Someone PLEASE point me into the right direction. I can't, for the life of me fathom WHY I keep continuing to meet men that A. Are Liars and B.Want to Lie to me like I'm a fucking idiot and C. Think they can get away with hurting me without any consequence. In the begining I am smart, beautiful and cool to be around... but as soon as anything remotely intimate happens or the "conversation" tends to sway in the direction of ..."Where are we going with this".... I hear the same bullshit lines. I am sick and fucking tired of draining my life energy with idiots...!! Now, some may argue that this is a conscious choice I make... and that may very well be true, HOWEVER... by the time you've figured out they are liars and idiots it's too late... or you've already fallen in love with them.
I've been told I give too much too soon... or I reveal too much too soon. Ok, for the sake of arguement maybe I do. Just because I don't have some down low, alterior motive to dig into your pockets or trap you into becoming my husband doesn't mean I deserve to be walked on like a door mat! And so what if I let my emotions hang freely upon my shoulder for everyone to see. Is it a crime to be honest and forthcoming with exactly what I want and don't want? Furthermore, once I lay down my intentions isn't a man obligated to act accordingly to those intentions?
For example, If I tell you in the begining a casual fling is NOT an option, shouldn't YOU BE MAN ENOUGH to walk away if that's all you're looking for? It seems much worse to dip your spoon in the pudding for a taste and then leave the container open and exposed .... half eaten for the next person to come along. Leave well enough alone.
What's wrong with me?
I've entertained this question time upon time. Intially, I've pondered if losing weight would change my circumstances.. well, I've been at this gym thing for almost 5 months and nothing has changed except my physical appearance. Ok, well then emotionally I'm just fucked up. I've been through entirely too much in my short time on earth... maybe my mind has just had enough... Maybe, no one will ever get me. So I ask myself....
Cherise, do you love yourself? ( silence)
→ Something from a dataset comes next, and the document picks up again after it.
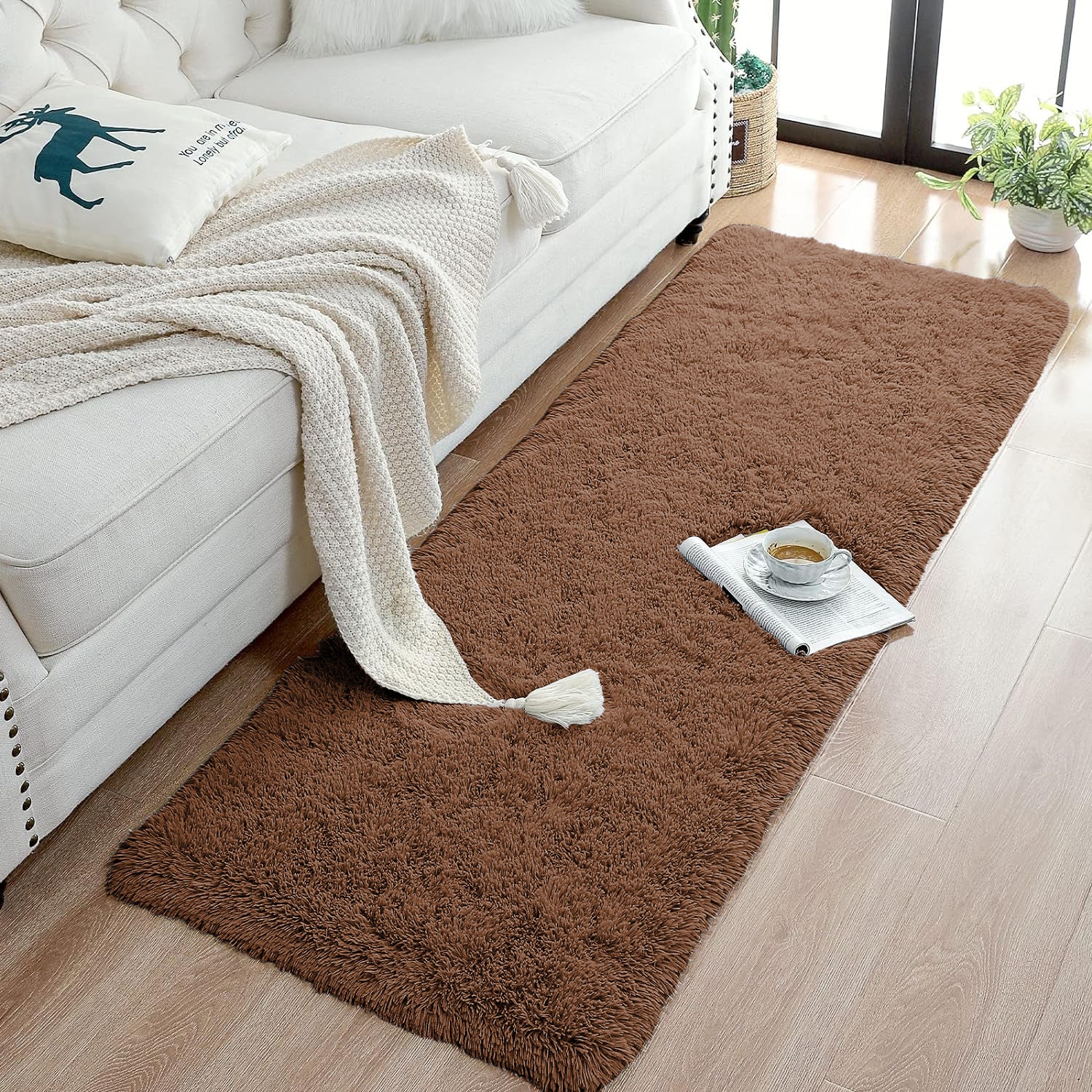 Large Fluffy Shaggy Rug Brown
He, they, or them never will if you don't. True words. Easier said than done.
Black men... Grow up!
You can't spend your lives running from real commitments and love. Hiding in dark rooms for hours playing PS2 or 3... until you can't see straight. Your boys aren't be there when your 50 and your back goes out... She will.. if u give HER a chance... life if supposed to get easier as we age. In my opinion, MOST black men my age are more immature, lazy and simply irresponsible than when I was 18 years old! Notice I said MOST not all. Unfortunately, the small percentage that are about anything are either GAY.. taken, or not tall enough (lol), just joking... I'm really not that superficial. This shit sucks... And I give up.... Period, at least for now.